Por: Juan Pablo Milanese | Director de Ciencia
Política de la Universidad Icesi.
Estamos a pocas semanas de las elecciones destinadas a optar por
la futura composición de los ejecutivos y legislativos locales
y regionales. En este escenario, volvemos a encontrar una multiplicidad
de débiles partidos, efímeros movimientos y candidatos,
sin filiación política aparente, compitiendo por los
cargos vacantes. Esto, de por sí, no debería implicar
nada sorprendente, sin embargo, representa un riesgo para el buen
desempeño de la democracia. Intentaré explicar por
qué, evidenciando qué hace que los partidos políticos
sean indispensables para el funcionamiento de los regímenes
democráticos.
El
análisis no se asentará en premisas morales, sino
en un razonamiento técnico basado en dos elementos: la necesidad
de accountability y de gobernabilidad. El primero de los conceptos
puede ser entendido como rendición de cuentas, el segundo,
es un atributo propio de un sistema político en el que sus
instituciones gubernamentales actúan de forma eficaz y considerada
legítima por los ciudadanos.
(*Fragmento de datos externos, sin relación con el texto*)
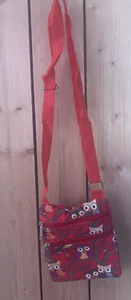 *4 X 6  INCH LONG RED  STRAP MINI CROSSBODY SIDE BAG WITH  2  ZIPPERS OWL PURSE - Picture 1 of 2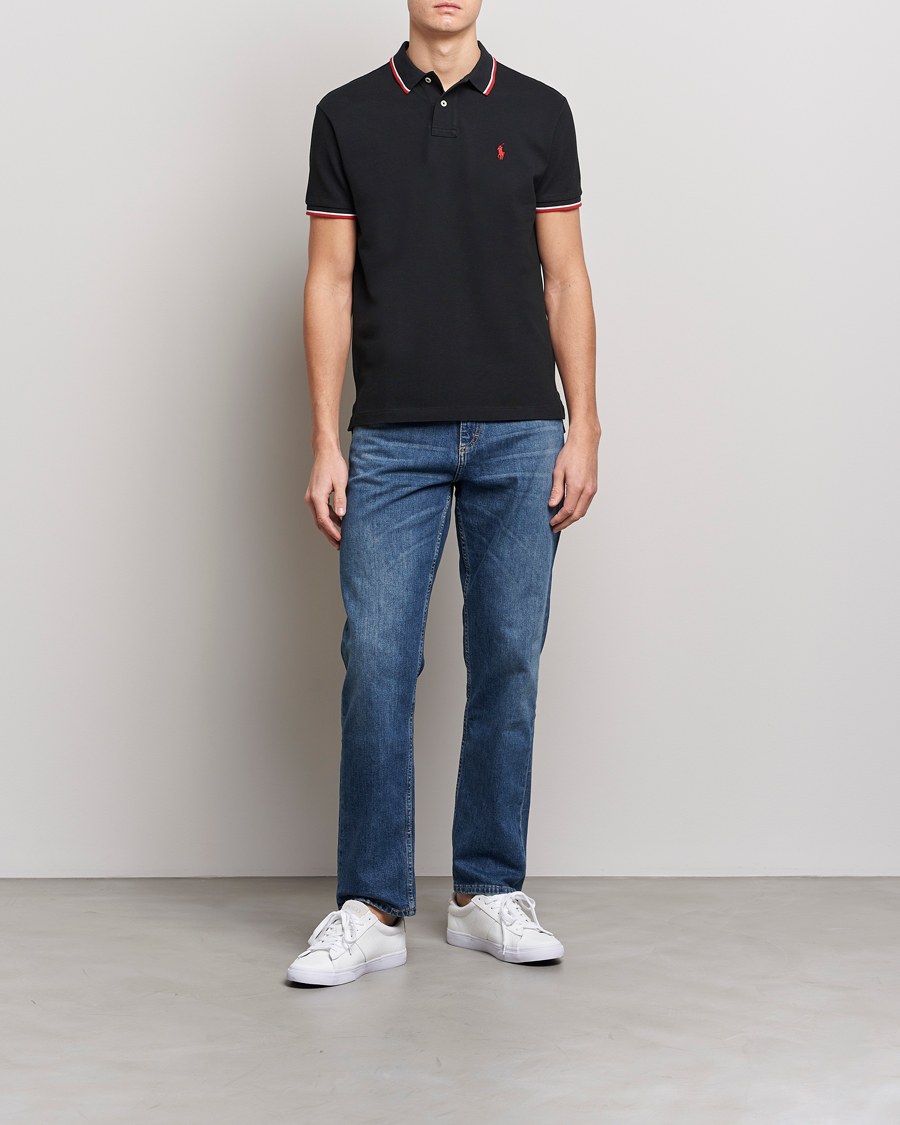 Homme | Polos | Polo Ralph Lauren | Custom Slim Fit Tipped Polo Black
Esto permite el ejercicio de
la voluntad política del ejecutivo mediante la aceptación
popular y bajo el estricto control del legislativo.
La
preocupación por la democracia de la Constitución
de 1991 abrió la posibilidad de que nuevos actores saltaran
a jugar en la arena política, con la sana intención
de terminar con la lógica de un bipartidismo burocratizado.
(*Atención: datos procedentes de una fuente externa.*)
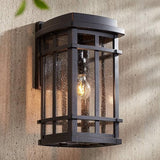 John Timberland Neri Mission Industrial Box-Shaped Outdoor Wall Light Fixture Oil Rubbed Bronze 16" Clear Seedy | Lumora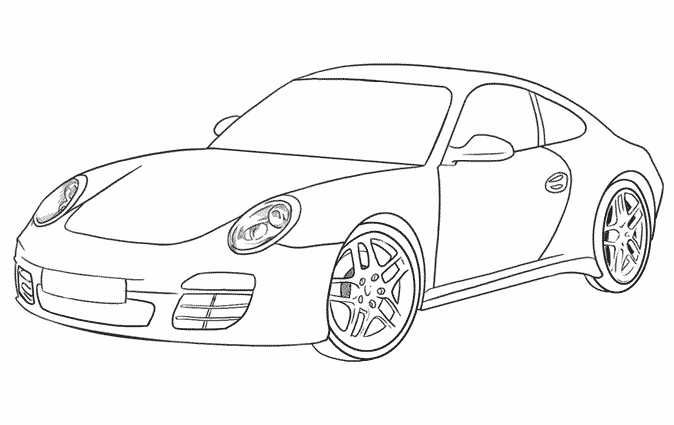 Coloriage d'une voiture de sport sur une route ensoleillée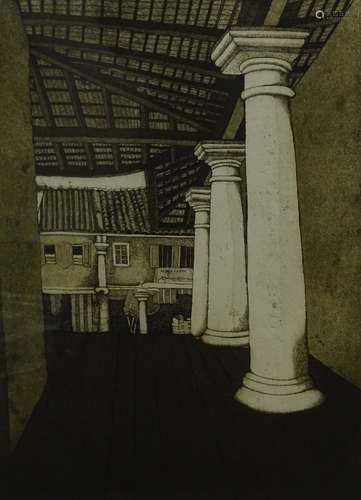 Ilse Noor (b.1941). Court Kuching Sarawak, artist signed, titled, dated (19)86, etching 126/300, 25c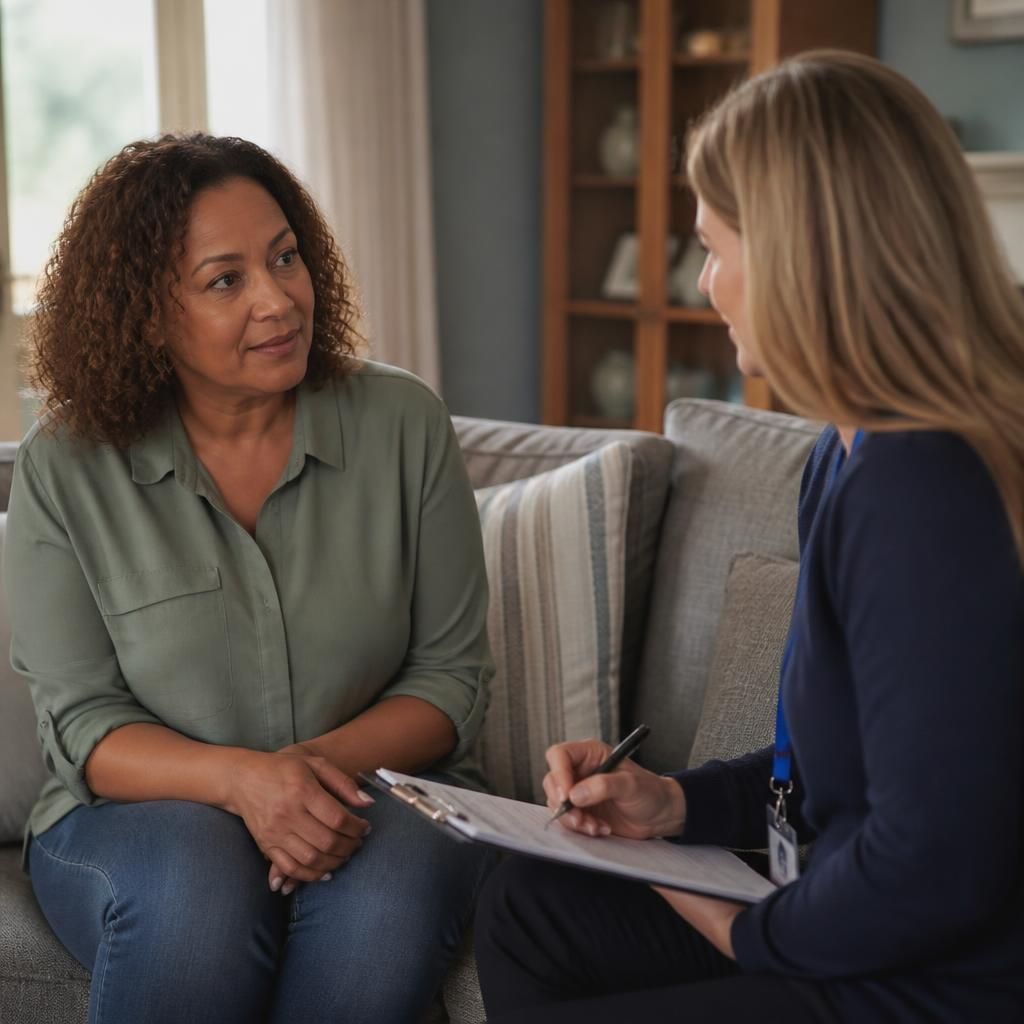 Foster carer speaking with a social worker during a home visit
Sin embargo, el resultado no esperado fue una atomización
capaz de transformar en inviable el funcionamiento de cualquier
sistema político. ¿Por qué? En primer lugar
porque hace mucho más compleja la relación entre el
ejecutivo y el legislativo. No solamente impacta sobre el control
político que un poder puede ejercer sobre el otro sino, además,
sobre el proceso de toma de decisiones que se torna mucho más
costoso. En segundo lugar, también se complica la posibilidad
de control ciudadano, ya que es mucho más sencillo realizarlo
sobre el comportamiento de una bancada partidaria que sobre un conjunto
de legisladores con comportamientos políticos erráticos
y oscilantes.
Tanto
la Reforma Política de 2003 como la Ley de Bancadas dieron
un paso importante para un necesario reforzamiento de los partidos,
partiendo de la necesidad de un efecto reductor de su número.
Sin embargo, todavía subsiste un conjunto de importantes
obstáculos para alcanzar un sistema de partidos fuerte (sin
volver al burocratizado de décadas anteriores) el principal
es el voto preferente. Con agrupaciones tradicionalmente indisciplinadas,
la presencia de ese voto las debilita aun más, trasformándolas
en meras etiquetas. Esto hace que a la competencia partidaria debamos
sumarle la intrapartidaria, con candidatos de las mismas fuerzas
políticas criticándose y contradiciéndose mutuamente,
generando un escenario muy confuso para el electorado. Además,
cláusulas como ésta hacen que el control de gastos
de campaña sea extraordinariamente más complejo, para
no decir imposible, ya que no es lo mismo ejercerlo sobre un grupo
de partidos, que sobre “innumerables” candidatos.
Adicionalmente,
es imperioso impulsar iniciativas como el robustecimiento de las
aún laxas reglas para la fundación de partidos o el
endurecimiento de los umbrales que permiten acceder a la competencia
por la repartición de curules. La respuesta a este planteamiento
podría ser que el sistema político colombiano no está
en condiciones de enfrentar, en el corto plazo, un cambio tan brusco.
Sin embargo, no buscar incentivos para terminar con la fragmentación
significa el sostenimiento de un esquema que no hará más
que mantener situaciones de crisis de gobernabilidad y de escasez
de control político como ha sucedido durante los último
s años en Cali, entre otros lugares.